## Task prompt
Copy nothing past the line containing "7ZT7A00547 - Lenovo". Transcribe every line of the listing below up to and including it, from the first, except pictures.

## Records shown
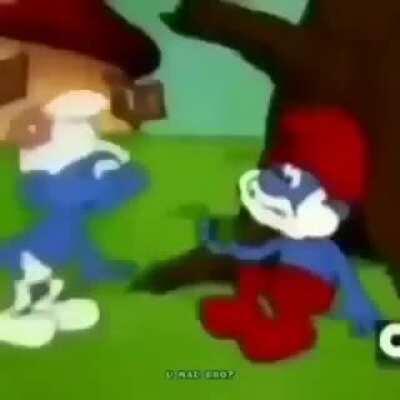 Şirin baba Şirin baba güçlü şirin...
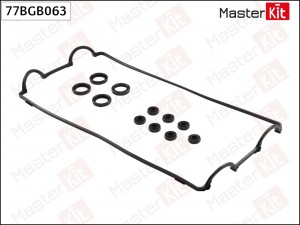 Прокладка клапанной крышки HONDA B20B, B20B3, B20Z1 77BGB063 77BGB063 MASTER KIT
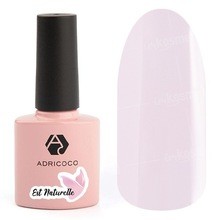 Гель-лак ADRICOCO Est Naturelle №02 камуфлирующий нежно-розовый (8 мл.)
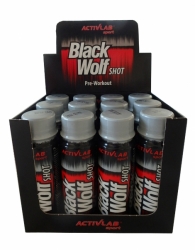 Activlab Black Wolf SHOT 12x80ml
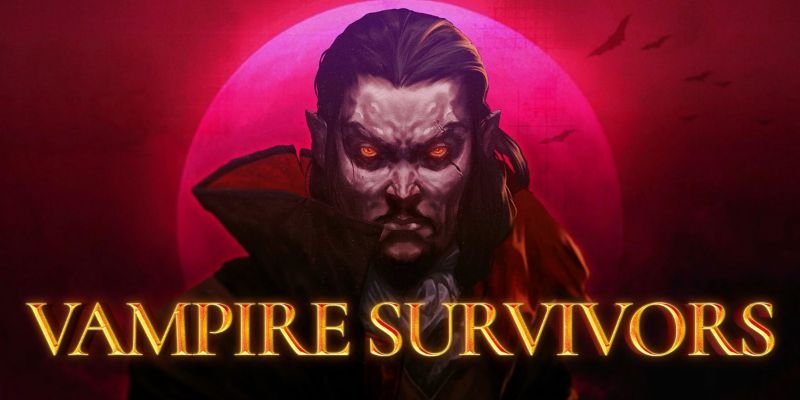 capa de Vampire Survivors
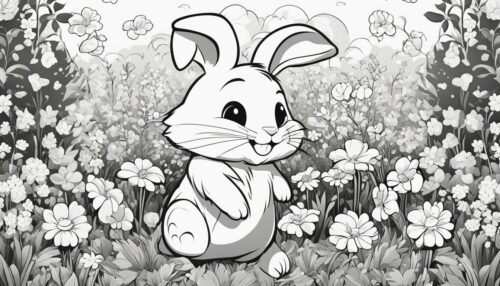 Wild Rabbit Illustrations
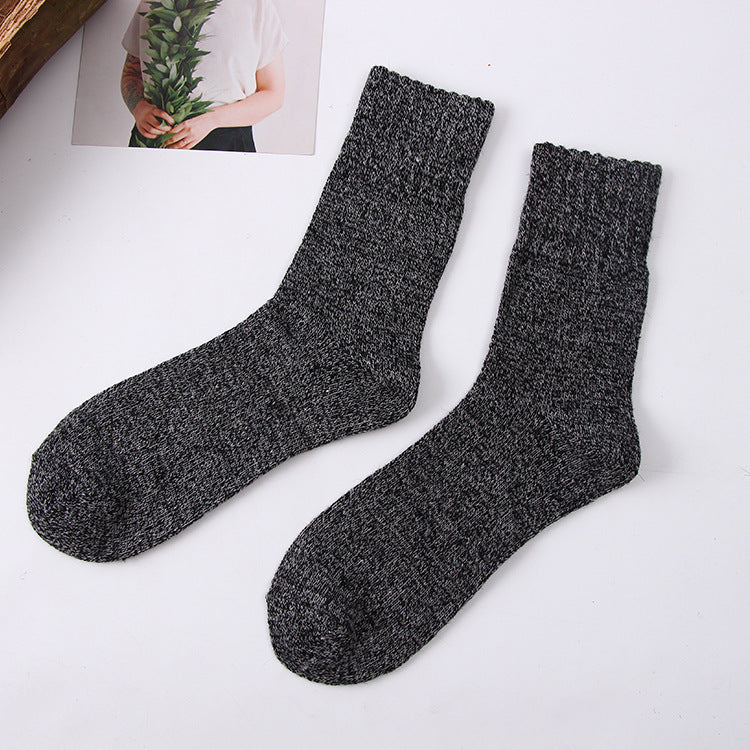 Jason - Kuschelig warme Frottee-Wollsocken für Männer im Winter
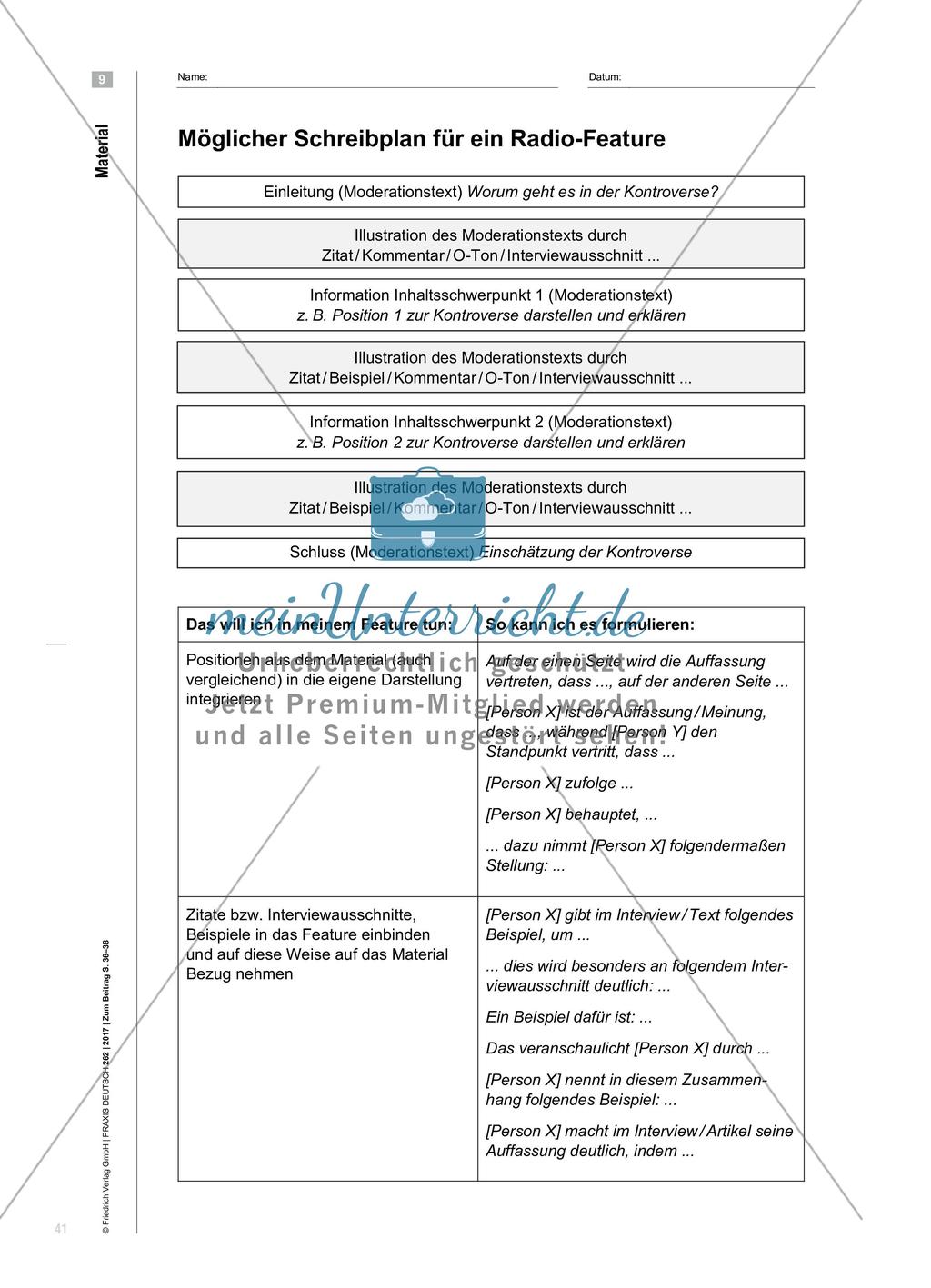 Sprachwandel oder Sprachverfall? - Ein vieldiskutiertes Thema im Radiofeature Preview 6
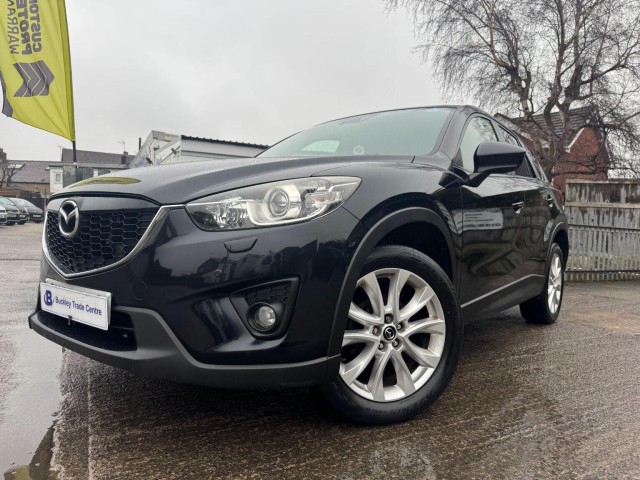 MAZDA CX-5 2.0 SKYACTIV-G Sport Nav Euro 5 (s/s) 5dr (2013/63)
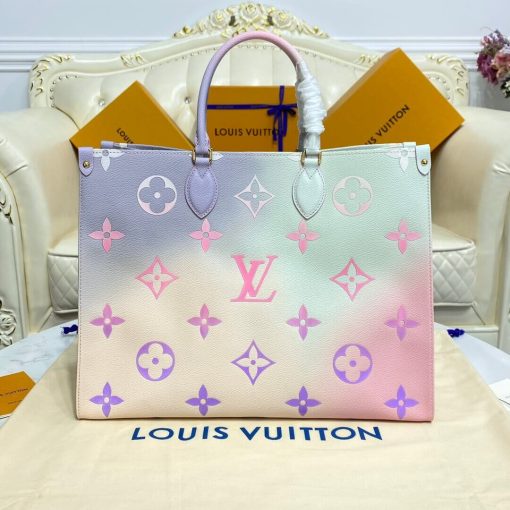 Louis Vuitton Onthego GM M46076 Sunrise Pastel - Image 4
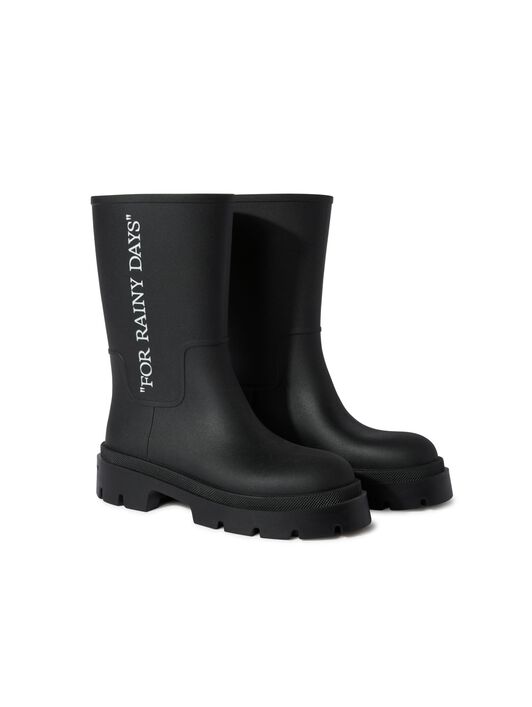 OFF WHITE Reboot Rainy Days BLACK OWIE049C99MAT001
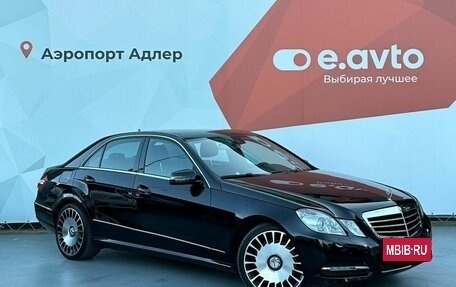 Mercedes-Benz E-Класс, 2011 год, 1 790 000 рублей, 3 фотография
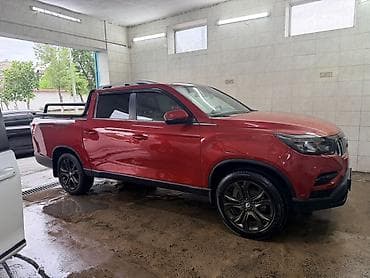 Ssangyong Rexton Sports: 2020 г., 2.2 л, Автомат, Дизель, Пикап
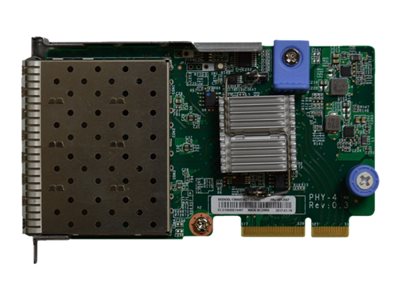 7ZT7A00547 - Lenovo Quad Port SFP+ 10Gb/s LOM Network Adapter for Thi…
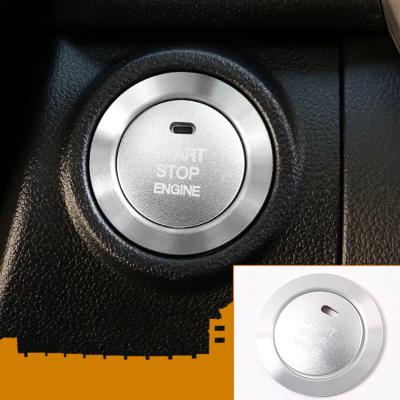 China Dustproof Take The Great Wall PAO Accessories Interior Decoration Ignition Start Stop Around Button Cover Car Decor Of The New for sale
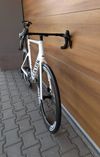 Canyon AEROAD CF SLX Di2, watmetr, karbon ráfky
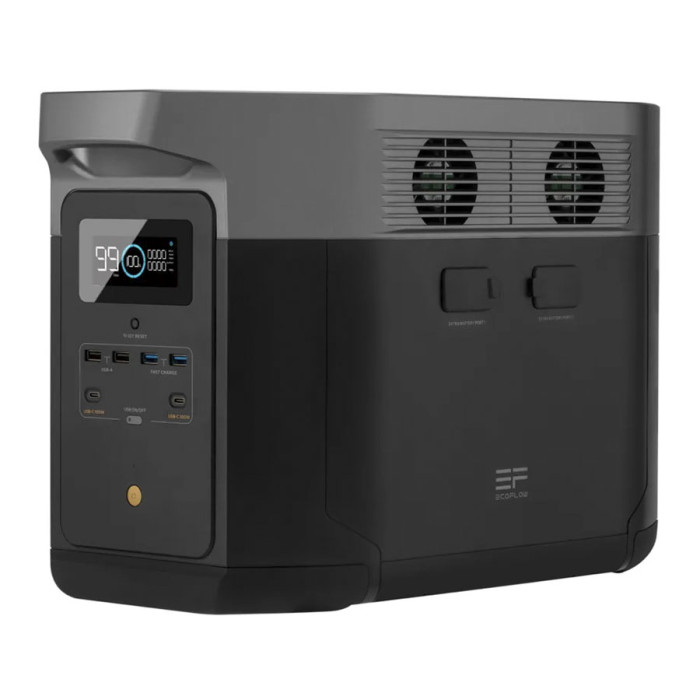 Зарядна станція EcoFlow DELTA Max 1600 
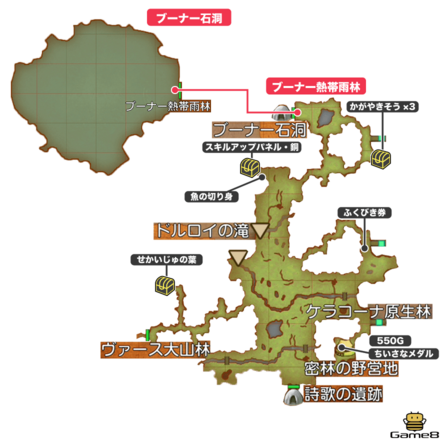 ブーナー熱帯雨林画像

## Result of this task
 Şirin baba Şirin baba güçlü şirin...
 Прокладка клапанной крышки HONDA B20B, B20B3, B20Z1 77BGB063 77BGB063 MASTER KIT
 Гель-лак ADRICOCO Est Naturelle №02 камуфлирующий нежно-розовый (8 мл.)
 Activlab Black Wolf SHOT 12x80ml
 capa de Vampire Survivors
 Wild Rabbit Illustrations
 Jason - Kuschelig warme Frottee-Wollsocken für Männer im Winter
 Sprachwandel oder Sprachverfall? - Ein vieldiskutiertes Thema im Radiofeature Preview 6
 MAZDA CX-5 2.0 SKYACTIV-G Sport Nav Euro 5 (s/s) 5dr (2013/63)
 Louis Vuitton Onthego GM M46076 Sunrise Pastel - Image 4
 OFF WHITE Reboot Rainy Days BLACK OWIE049C99MAT001
 Mercedes-Benz E-Класс, 2011 год, 1 790 000 рублей, 3 фотография
 Ssangyong Rexton Sports: 2020 г., 2.2 л, Автомат, Дизель, Пикап
 7ZT7A00547 - Lenovo Quad Port SFP+ 10Gb/s LOM Network Adapter for Thi…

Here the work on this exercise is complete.